President Buhari’s emergence has psychologically renewed hope in every Nigerian that a better future beckons and this can only be sustained if the new administration acts faster than it has done at all levels. It is doubtful if the administration can fix Nigeria without probing the past.
Our past is too messy and the mess will be difficult to clear without interrogating the how, why, who and what drifted us to abyss. No one will doubt the emptiness of our collective treasury, but we won’t be patient with lamentations. Those who emptied the treasury should be seen off to jail after appropriate trials in court and their loots returned to the federation account for infrastructural development and job creation.

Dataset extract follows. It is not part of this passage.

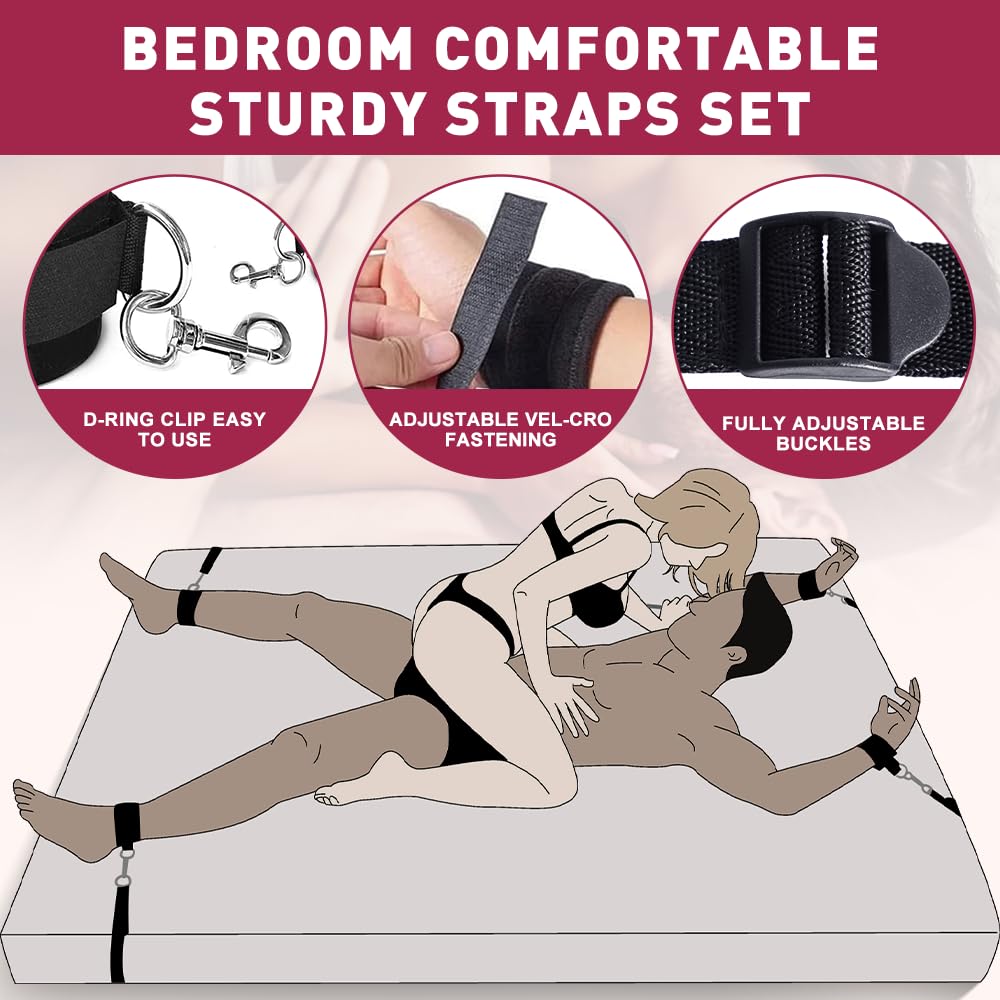 Couples Intimate Bondage Kit, Restraints System with Adjustable 75'' Straps, Handcuffs, Blindfold and Tickler, Adult Bedroom Accessories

As hopeful as most Nigerians are, the new administration’s success depends largely on the National Assembly. Their body language portend danger for the success of any patriotic government with genuine intention to reclaim our collective dignity, resources and future from the ineptitude of past administrations that have led us so close to dead end.
The boxing and wrestling episodes at the National Assembly as well as the desire of the distinguished Senators and Honourable members to ignore our economic crisis, opting instead, to make wardrobe and other allowances their prime concern is not just unpatriotic but absolutely irresponsible and against the purpose of any serious government or political party that made change a campaign slogan.
Yaqub is an Assistant Secretary at the headquarters of Nigeria Labour Congress, Abuja.